But, owing to
the eccentricity of the orbit, the sun swings much faster toward the
east than toward the west, the eastward motion occupying about
thirty-seven days and the westward motion about fifty-one days.
[Illustration: THE REGIONS OF PERPETUAL DAY, PERPETUAL NIGHT, AND
ALTERNATE DAY AND NIGHT ON MERCURY. IN THE LEFT-HAND VIEW THE OBSERVER
LOOKS AT THE PLANET IN THE PLANE OF ITS EQUATOR; IN THE RIGHT-HAND VIEW
HE LOOKS DOWN ON ITS NORTH POLE.]
Another effect of the libratory motion of the sun as seen from Mercury
is represented in the next figure, where we have a view of the planet
showing both the day and the night hemisphere, and where we see that
between the two there is a region upon which the sun rises and sets once
every eighty-eight days.
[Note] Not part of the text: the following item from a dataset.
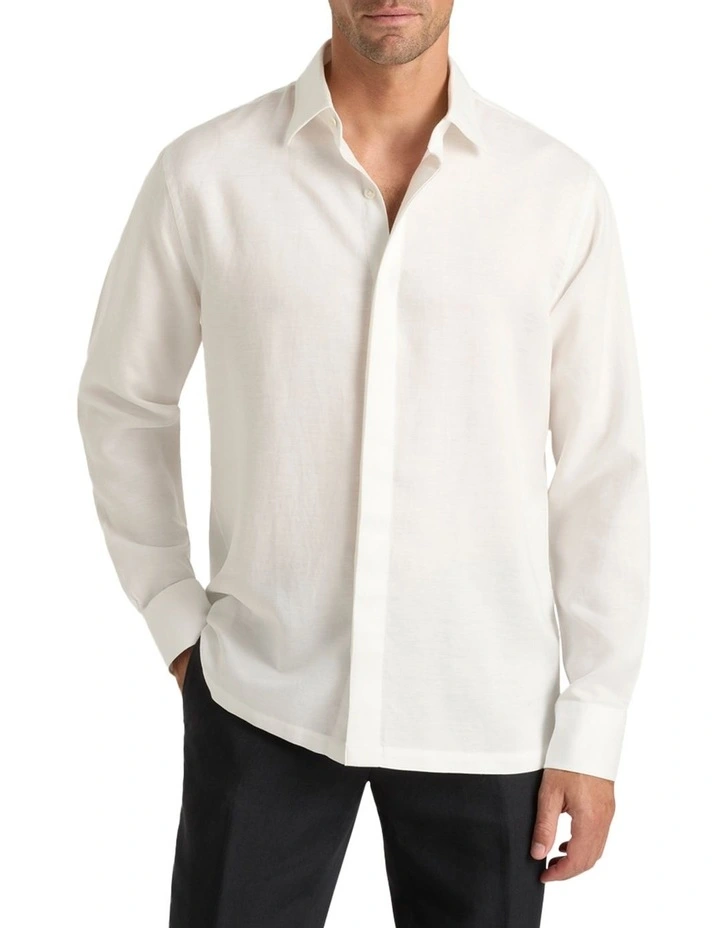 Turin Lyocell Shirt in White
There are, in reality, two of these lune-shaped
regions, one at the east and the other at the west, each between 1,200
and 1,300 miles broad at the equator. At the sunward edge of these
regions, once in eighty-eight days, or once in a Mercurial year, the sun
rises to an elevation of forty-seven degrees, and then descends again
straight to the horizon from which it rose; at the nightward edge, once
in eighty-eight days, the sun peeps above the horizon and quickly sinks
from sight again. The result is that, neglecting the effects of
atmospheric refraction, which would tend to expand the borders of the
domain of sunlight, about one quarter of the entire surface of Mercury
is, with regard to day and night, in a condition resembling that of our
polar regions, where there is but one day and one night in the course of
a year--and on Mercury a year is eighty-eight days.